By Cynthia Chang
| We often hear people say, “time is money”, but when we think about inequality in the United States, time poverty often seems to fall off the radar. Poverty is more than just financial constraints. For some, poverty of time causes inconveniences in life, but for many others, lack of time has bigger and more serious effects.
When we think of poverty, we often only think of financial terms; the very definition of poverty line only looks at personal income and wealth. But a few digits in the bank account shouldn’t be only determining factors when evaluating poverty. Economist Sendhil Millaninathan once said, “There are three types of poverty- Money, time, and bandwidth. “ Money is what usually pops up in our mind when the word poverty comes up. Second kind of poverty is what many of us experience when we are under the pressure of deadlines or when there’s scarcity of time. Last kind of poverty is bandwidth, which is the consequence of the previous two kinds of poverty.
Take students for example – when we are focused on urgent deadlines, we don’t have the cognitive power for later deadlines. While there are times where extensions may be granted, and pressure may be temporarily relieved, we still struggle to dig ourselves out of deadlines that are piling up- essays, the rent checked that was forgotten, and many other mundane tasks.

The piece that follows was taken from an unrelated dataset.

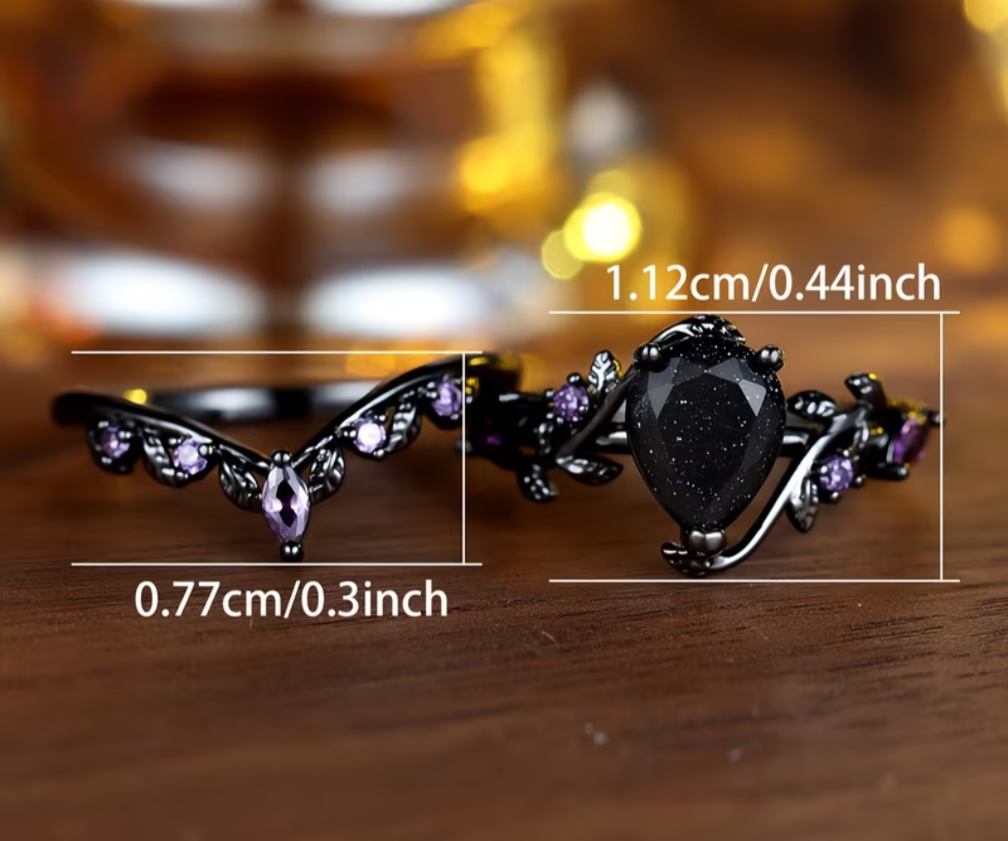 Purple Leaf Stone Zirconia Ring (2 piece)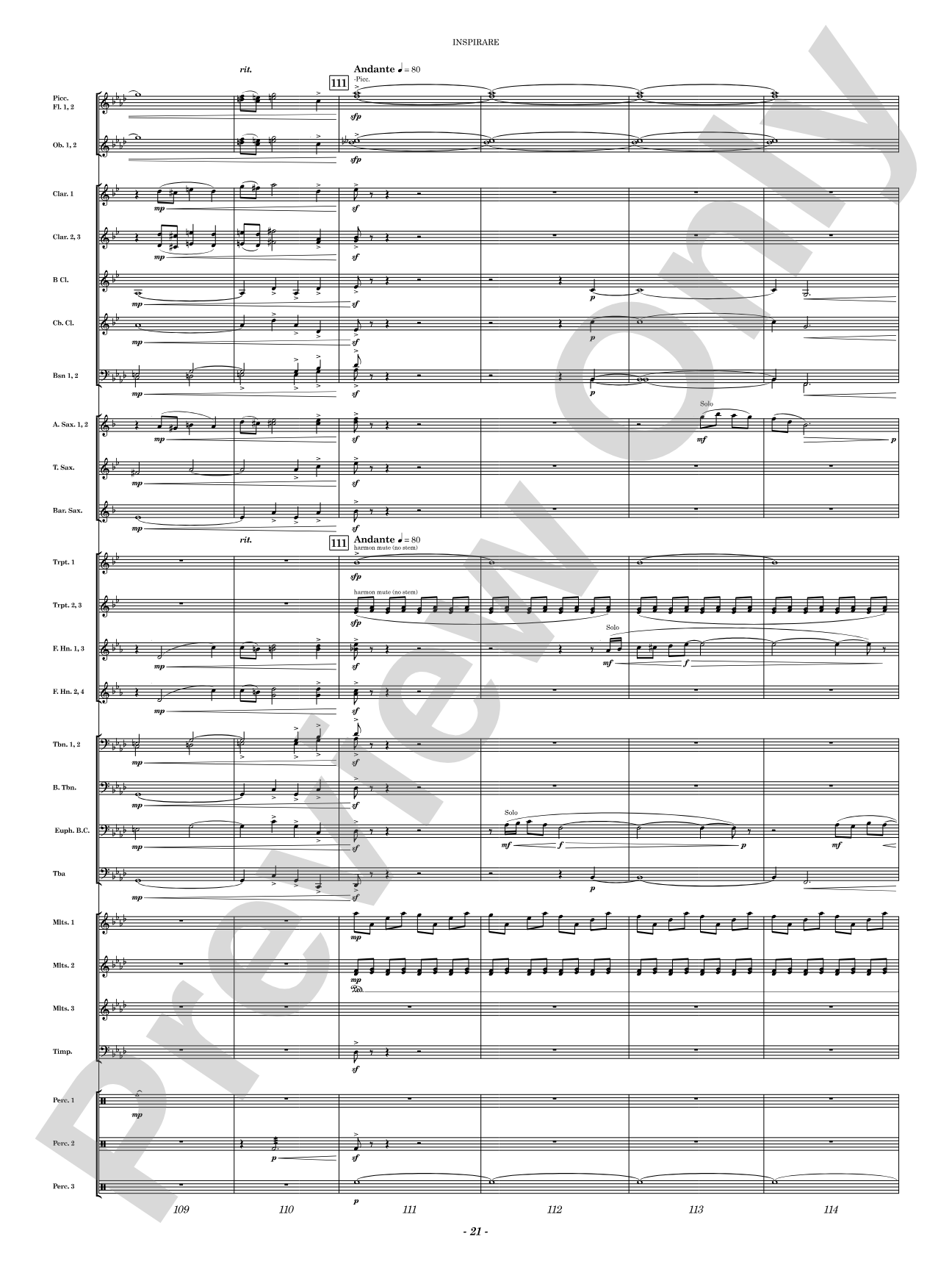 Inspirare: Concert Band Conductor Score & Parts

This is the similar to what the poor experience on a daily basis; only the poor have it so much worse. Whether poverty is financial or time-related, the urgent tasks of today supersede tomorrow’s demand, which often make the goal seems even harder to achieve. They are forced to only focus on what is in front of their face at this exact moment- they are forced to sacrifice the future for today.
In Malcome Gladwell’s book “Outliers: The Story of Success” he mentions, “It is those who are successful, in other words, who are most likely to be given the kinds of special opportunities that lead to further success. It’s the rich who get the biggest tax breaks. It’s the best students who get the best teaching and most attention. Success is the result of what sociologists like to call “accumulative advantage.” And time is indeed one of, if not the most determinate factors among these accumulative advantages. If one wants to advance him/herself to get a better paying job by acquiring a higher degree, one must first have time, the capability to take time off to achieve so.
Financial capability then often becomes a determining factor of how much time you have. If time scarcity were a constant, the poor have it a lot worse than the rich. When things get hard and complicated, the rich have the capabilities to buy knowledge and help by hiring lawyers, nannies, drivers, and even cooks.
Time poverty may become a serious issue as it dramatically reduces access to proper assistance. Take the most well-known student loan application-FAFSA- for example. When a poor student is already overwhelmed by fulltime school and job, an incredibly complicated form becomes a dreadful demand on physical and psychological capacity.
There needs to be a sense of urgency to reimagine and redefine our perception of poverty once and for all. If we want to help lift this “permanent deadline” for the poor, financial aids needed to be simplified and access to other assistance such as transportation, better childcare, healthcare etc. needed to be made. There are small steps that can be taken, and should be taken decades ago.
As John de Graaf said, “Happiness is not purely a personal matter—governments and corporations can create policies that improve workers’ time balance, wellbeing, productive and sustainability.” Same thing may be said with time poverty, there are many small steps to help overcome the current despair. Public policies can help. For example, I worked in Horns of Africa Services (HOAS) when I was a freshman in college, and we provide basic education and job training to English as Second Language refugees and immigrants. One of the most heard complaints is the lack of transportation and childcare to help sustain participation at HOAS. It is unrealistic to make a commitment to education and classes when you can’t find a way to get there, and you are worried about your children at home all the time. These are the small steps we can take to help get out of the status quo. It is not helpless to concur time poverty, but it needs our attention, and we need to stop waiting for tomorrow for changes.